Harvey The Coast

Beleaguered residents queue for food at a municipal building in Seadrift, Texas, while waiting on basic services to be restored.

Kelly P. Kissel, Associated Press

With relief efforts expected to stretch on for years in the aftermath of Hurricane Harvey, there are a number of options for people wanting to help through donations of money, materials or time.

Locally, Mechanicsburg-based Mission Central has been preparing cleaning buckets and hygiene kits to be shipped to the Houston area.

Cleaning buckets help people begin to clean up after the flood and include liquid laundry detergent, liquid household cleaner, dish soap, air freshener, personal insect repellant spray, hand-held scrub brush, cleaning wipes, sponges, scouring pads, clothespins, clothesline, heavy duty trash bags, dust masks, disposable kitchen gloves and work gloves.

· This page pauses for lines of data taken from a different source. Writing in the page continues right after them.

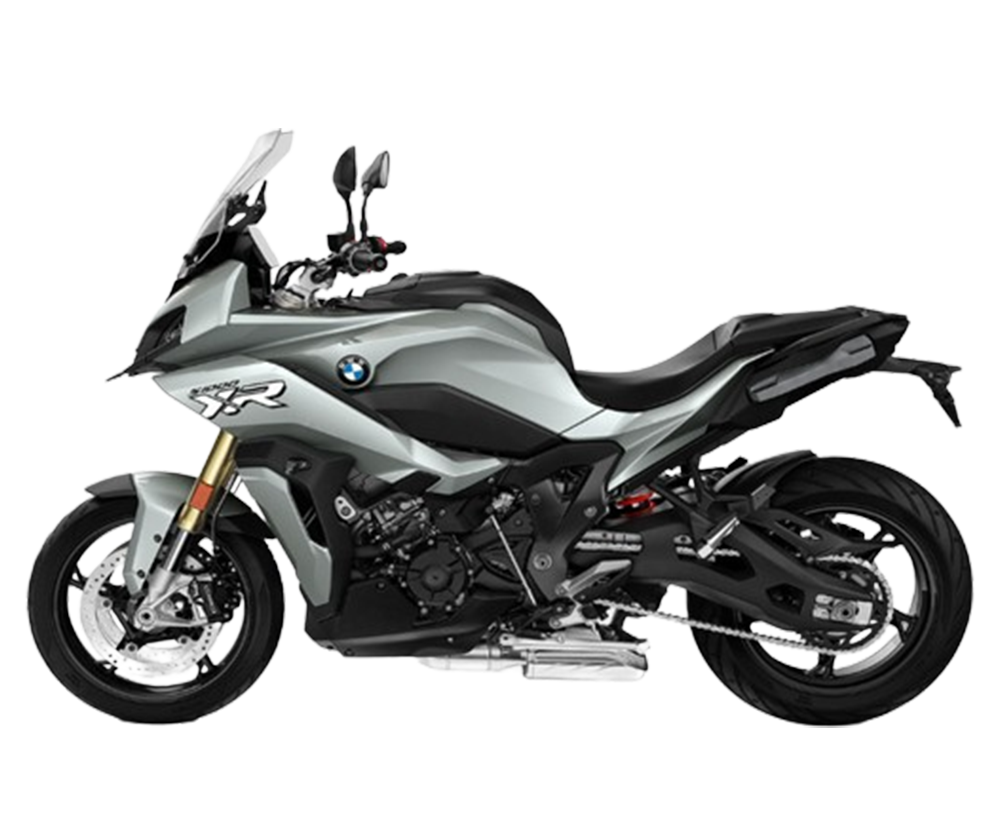 BMW S 1000 XR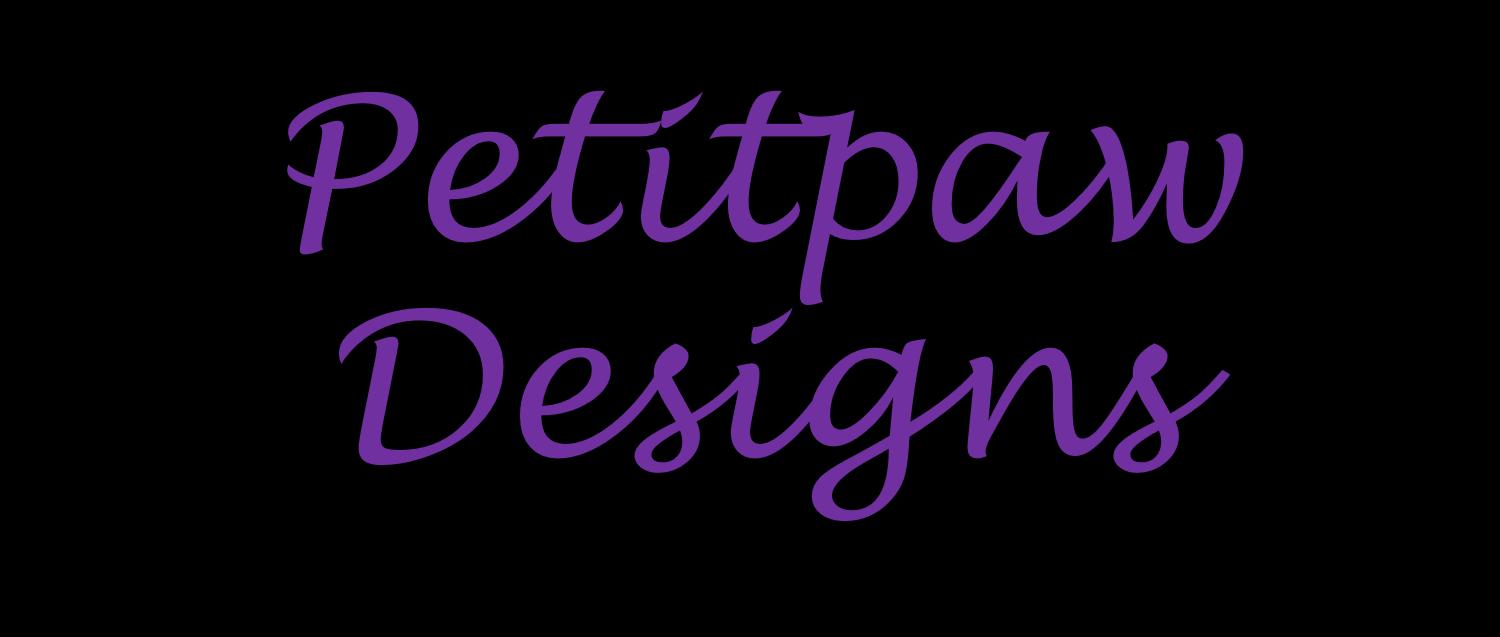 Petitpaw Designs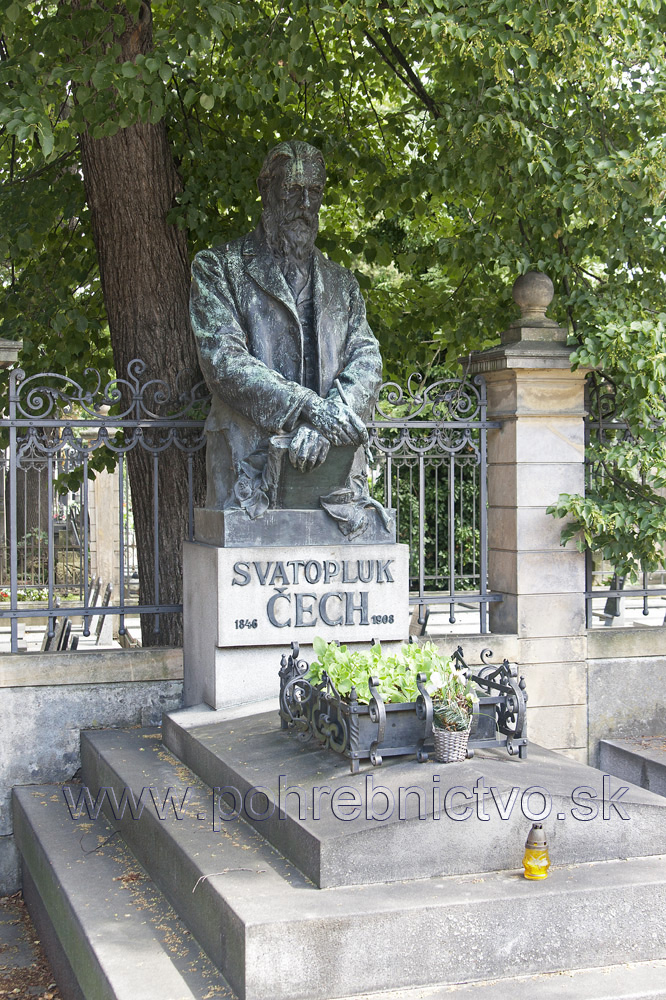 vysehrad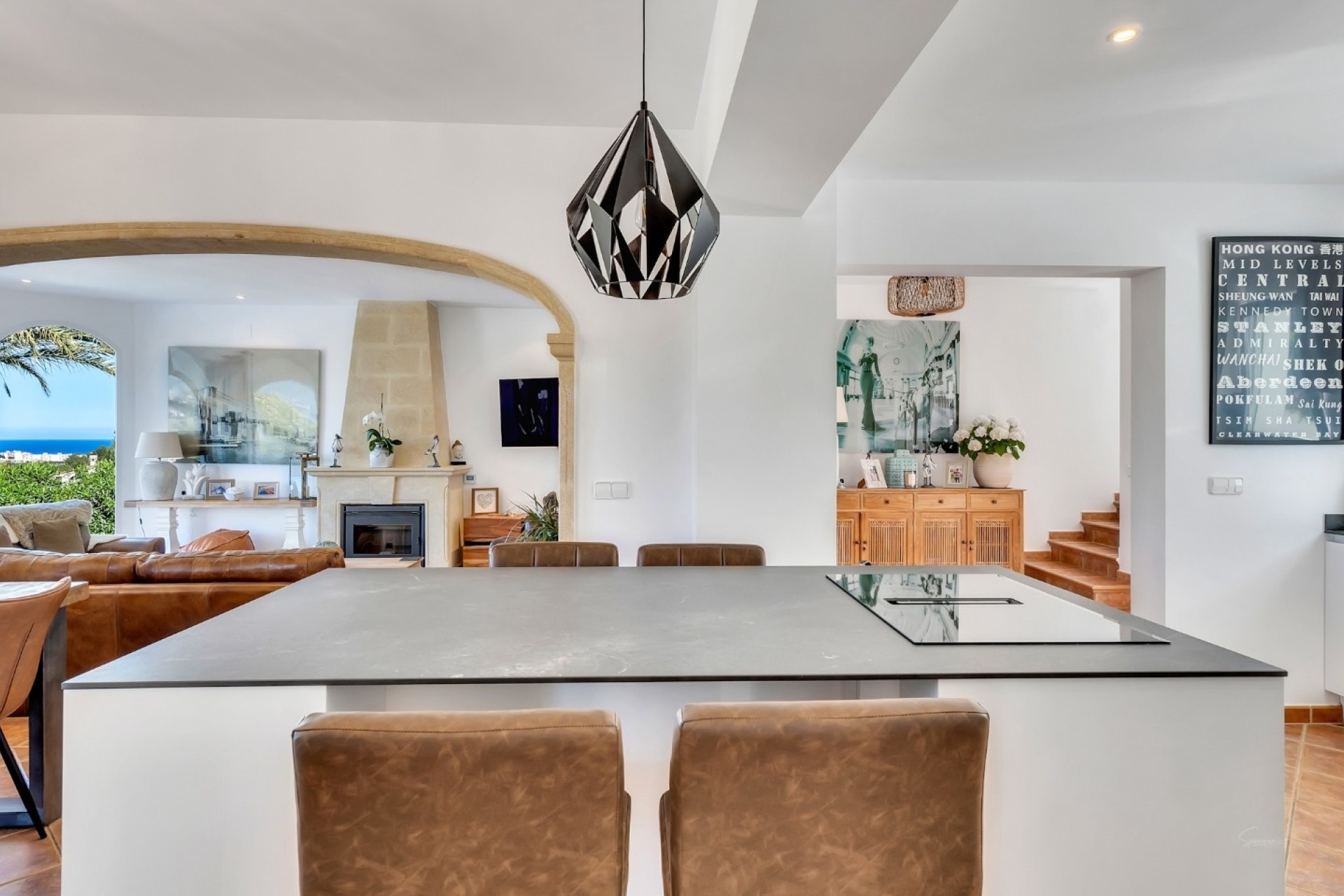 Reventes - Villas - Javea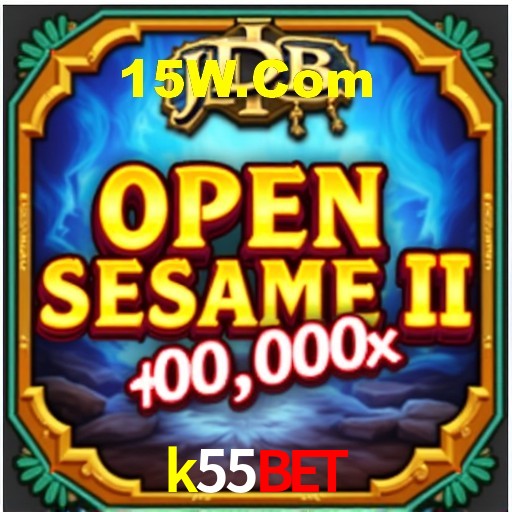 Jogos Exclusivos k55bet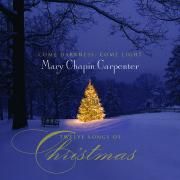 Come Darkness, Come Light: Twelve Songs Of Christmas}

Hygiene kits provide basic necessities for people who have been forced to leave their homes and include hand towels, wash cloth, comb, metal nail file or clipper, bath size soap, toothbrush, adhesive bandages and a plastic bag.

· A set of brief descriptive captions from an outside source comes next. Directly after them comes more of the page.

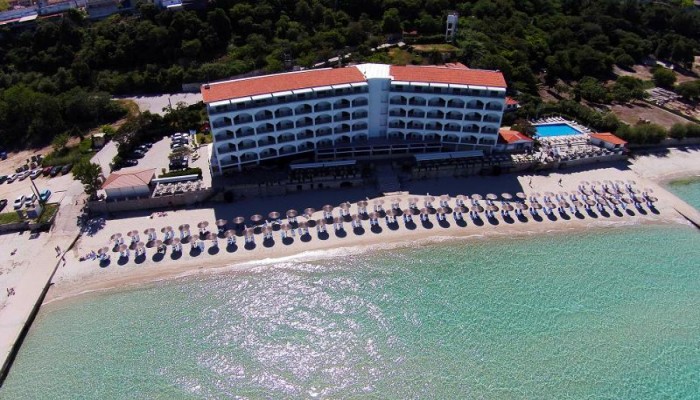 Hotel Ammon Zeus poza 3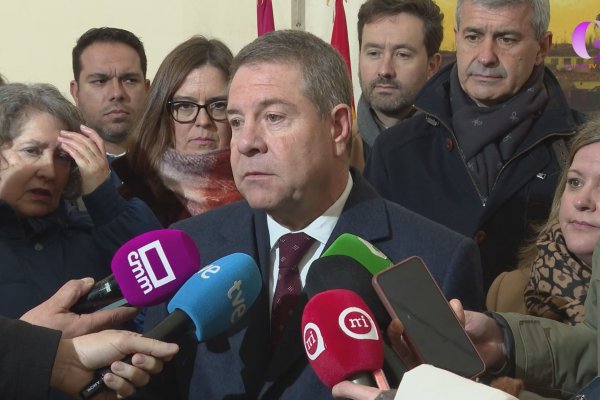 Page asegura que el PSOE se ha saltado demasiadas líneas rojas 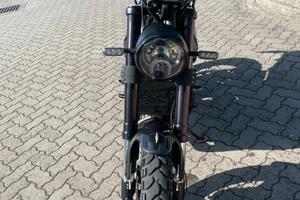 Leoncino 500 Trail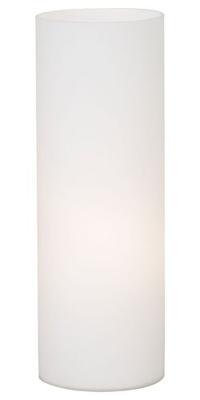 Eglo TafellampGeo 35cm wit - 81828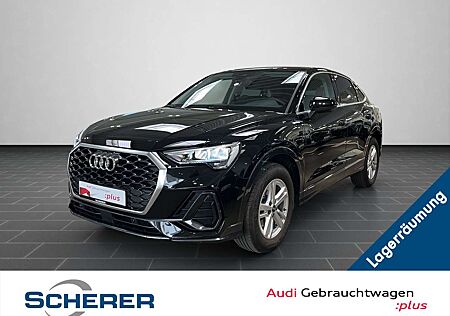Audi Q3 35 TDI 110(150) kW(PS) S tronic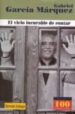 GABRIEL GARCIA MARQUEZ : EL VICIO INCURABLE DE CONTAR de ZULUAGA OSORIO, CONRADO 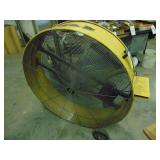 Flow Pro 48" Shop Fan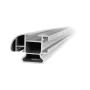 Kargo-Plus, bara portbagaj din aluminiu - 135 cm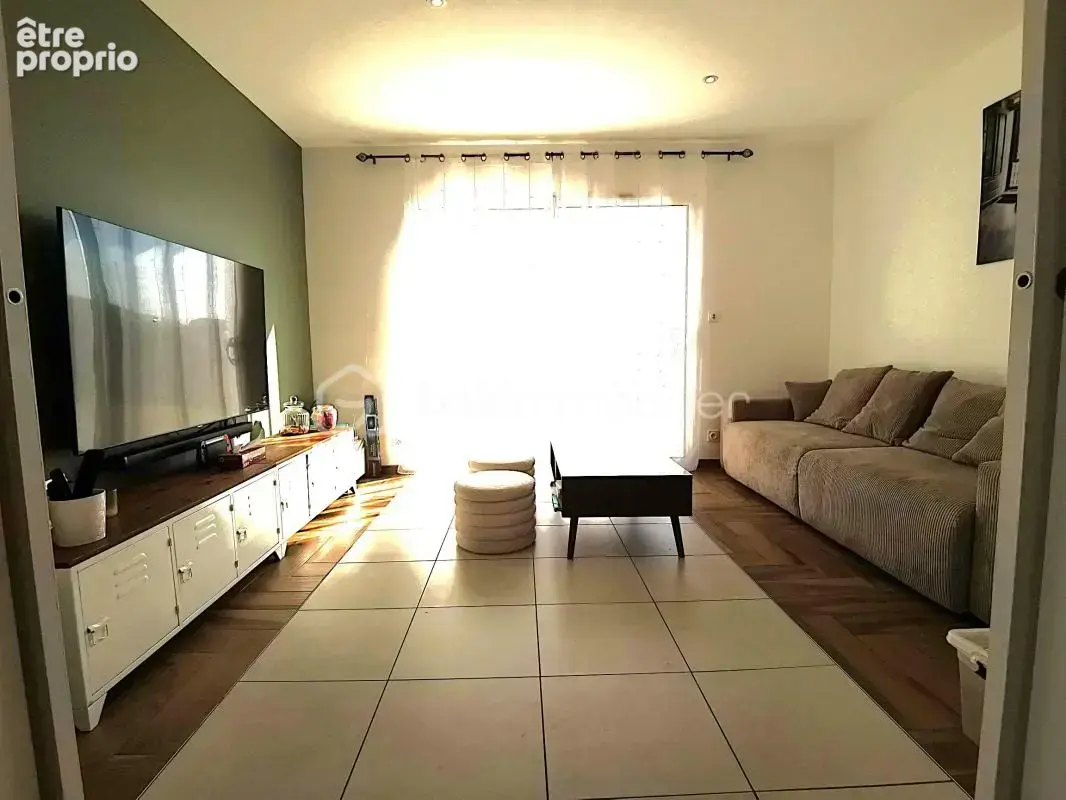 Maison de plain-pied quartier du chalet - photo 3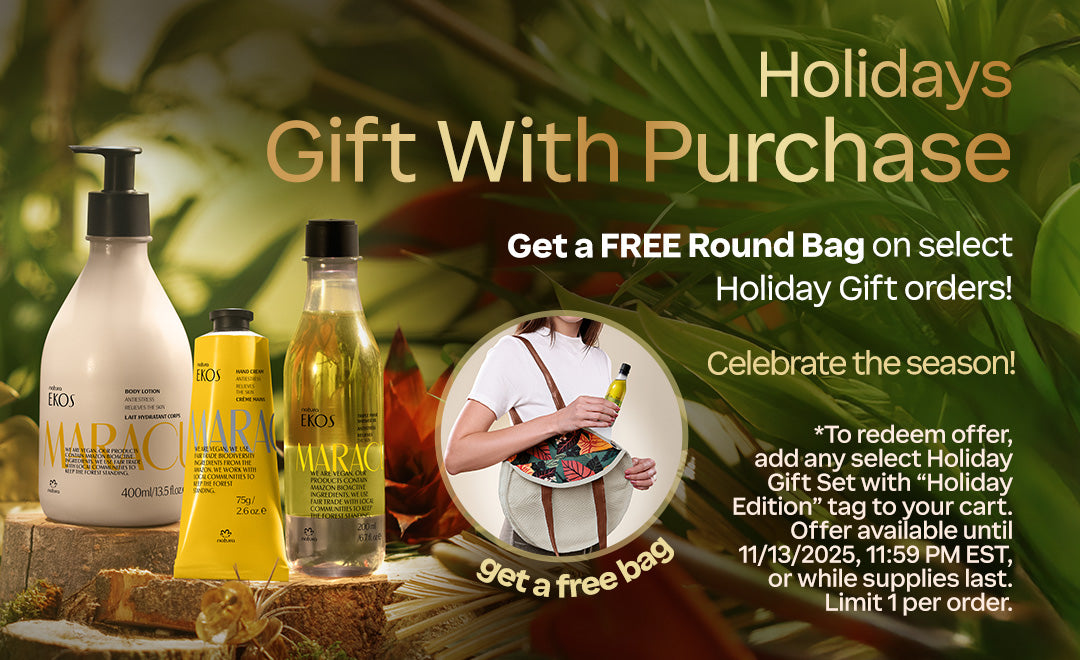 
          
            Holiday Gift With Purchase $49+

All items for both kits must be new except for the actual bucket and lid. Instructions for the assembly of both types of kits may be found on the organization’s website at missioncentral.org. That is also where monetary donations may be made to assist with relief efforts.

Volunteers are also needed to help pack the buckets for shipment to the Houston area. Those interested in volunteering should call Mission Central at 717-766-1533.

JLG Industries in Shippensburg will collect items for flood victims at its facility at 560 Walnut Bottom Road from 6 a.m. to 7 p.m. on Sept. 7. The JLG facility will be staffed with employee volunteers, and signs will be posted to direct visitors to the appropriate area. Additionally, JLG will have a donation drop-off area for employees from Sept. 4 to Sept. 11.

Needed items include personal care items such as toothpaste, toothbrushes, deodorant, shampoo, soap, bath towels and feminine hygiene products. Food items like canned meats, peanut butter, bottled water, sports drinks and other canned foods will be accepted as will baby items like disposable diapers, baby food, powdered formula, baby shampoo and bottles.

The company will also accept blankets, pillows, battery-powered flashlights and lanterns, batteries, games, toys, undergarments and socks.

All items should be new and in the original packaging.

Fleet Feet Sports is accepting donations of new or gently used socks and running shoes at their store at 6416 Carlisle Pike, Mechanicsburg. The drive is part of an effort at Fleet Feet stores across the country. Donations will be sent to two stores in Texas that will ensure the socks and shoes go to organizations helping people in need.

Local agencies are also using their websites and social media platforms to direct local donors to sister agencies in the disaster-stricken region.

YWCA of Carlisle, for example, used its Facebook page to ask local residents to consider donating to the YWCA of Houston’s Hurricane Relief Fund, which will help individuals and families with shelf-stable food, furniture, housing and more.

Similarly, United Way of Carlisle and Cumberland County posted a link on its Facebook page directing people to a page for the national United Way response and to the United Ways of Texas disaster relief page at uwtexas.org/hurricane-harvey.

Central Pennsylvania Food Bank is connecting visitors to Feeding America, which is accept donations to its network, which is working to support families with disaster relief and recovery. The Feeding America site, feedingamerica.org, also includes links to food banks in the immediate area of the disasters so that visitors can support specific programs.

When making donations, people can visit websites like GuideStart or Charity Navigator to learn more about the charities.

Stacy Palmer, editor of the Chronicle of Philanthropy, also suggests looking through local news reports for information on a charity’s work, or contacting the local United Way and the local Community Foundation — in this case Houston’s.

It’s up to you whether to go with a local charity that might know the area better, or a national charity that has wider reach. Palmer says “both kinds of organizations have their place right now.”